The documentary, part of the Frontline Scotland strand, concerned the case of a man convicted of sexually abusing children at a children’s home.
The programme examined “whether some of the children he cared for made up false allegations against him in order to claim compensation and asks whether historical child abuse cases leave anyone who has ever worked with children open to accusations”.
The editorial standards committee of the BBC Trust considered a complaint from one of the children.
It concluded that the programme had not made sufficient attempts to give the complainant a fair opportunity to respond, and that the on-air explanation of the complainant’s non-participation in the programme was inadequate.
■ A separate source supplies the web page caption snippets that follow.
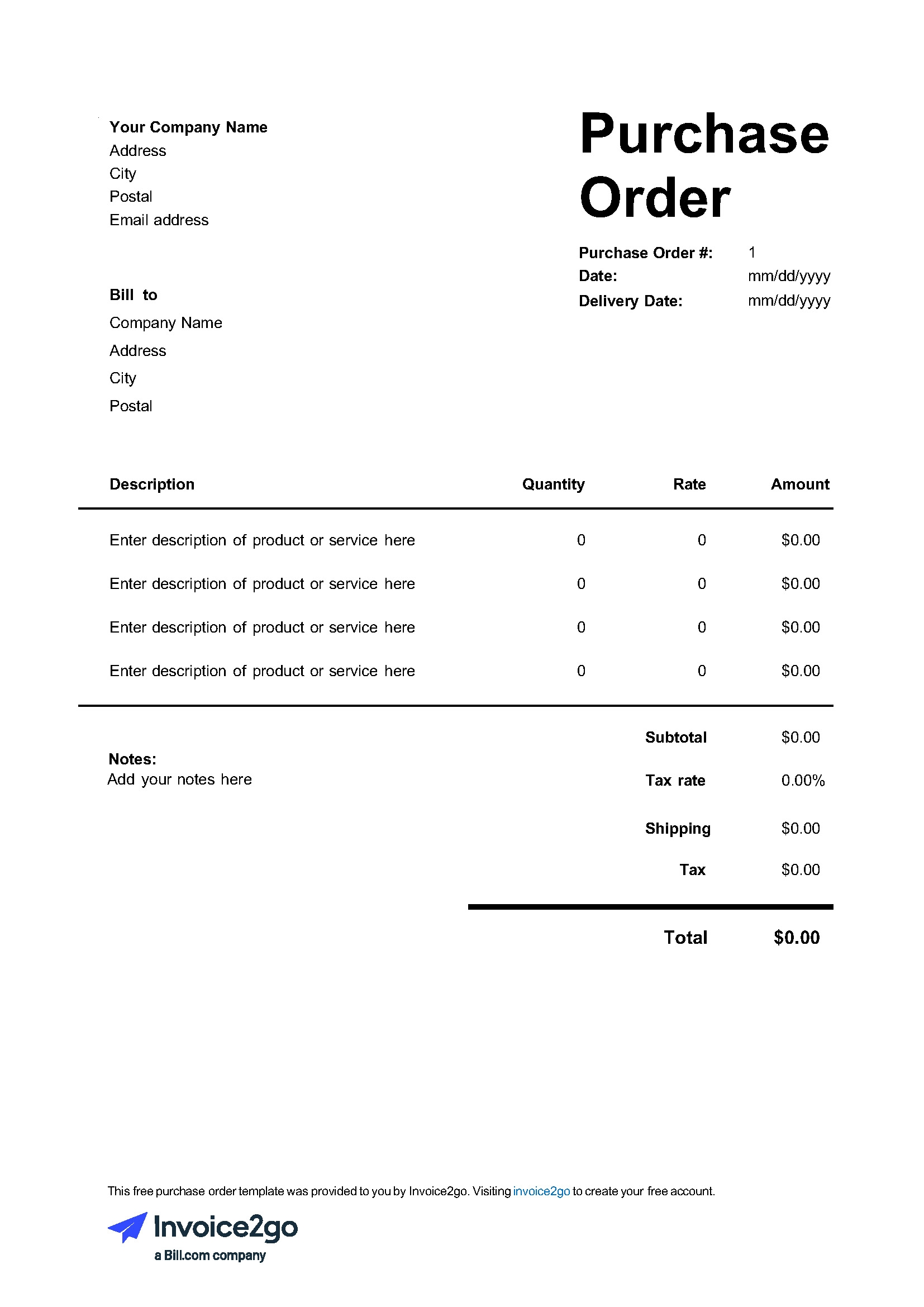 Free Printable Purchase Order Template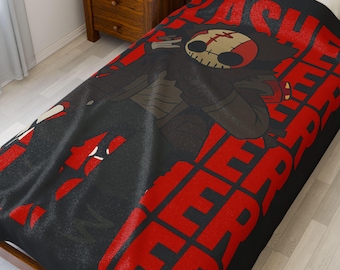 May include: Black and red twin-size blanket featuring a cartoon character with a mask and the text "SLASH FEVER". The blanket is on a bed with a wooden frame and a nightstand.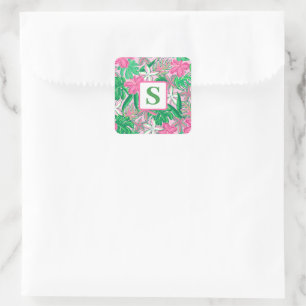 Tropische Bloem Monogram Roze Wit Groen Preppy Vierkante Sticker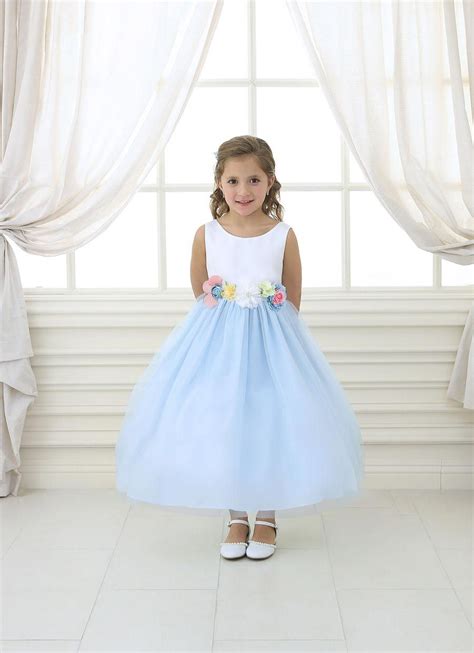 Girls Dress Style D755 White Light Blue Satin And Organza Dress With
It also noted that a key premise of the programme was that it would present evidence that the jury did not hear, which would cast doubt on the conviction. The committee concluded that this ‘new’ evidence was not adequately researched or tested. It also concluded that some interviews were not edited fairly.
It did not, however, uphold the following other components of the complaint:
Treatment of other interviewees
The committee concluded that other contributors were treated appropriately during interviews.
The committee accepted that people who knew the complainant from his time in the children’s home would have been able to identify him, but that his involvement in the case would already have been known to them. The committee did not accept that the wider general public would have been able to identify the complainant.
Conflicts of interest
The committee found no evidence of any improper relationship between the programme makers and the children’s home.
The committee also noted that the complaint had been “badly handled”, but that the BBC’s overall complaints-handling procedures had been “transformed” since this particular complaint had been instigated.
The committee expressed concern that any failures might be the result of systemic failures. Therefore, it was agreed that the committee chair will write to the BBC’s deputy director-general asking for a report on issues, including:
* Did the failures arise because of undue pressures on time or budget?
* To what extent was the long run of the programme and the need to meet
deadlines a contributory factor?
* Was there sufficient editorial oversight? and
* What are the lessons for complaints handling in the future?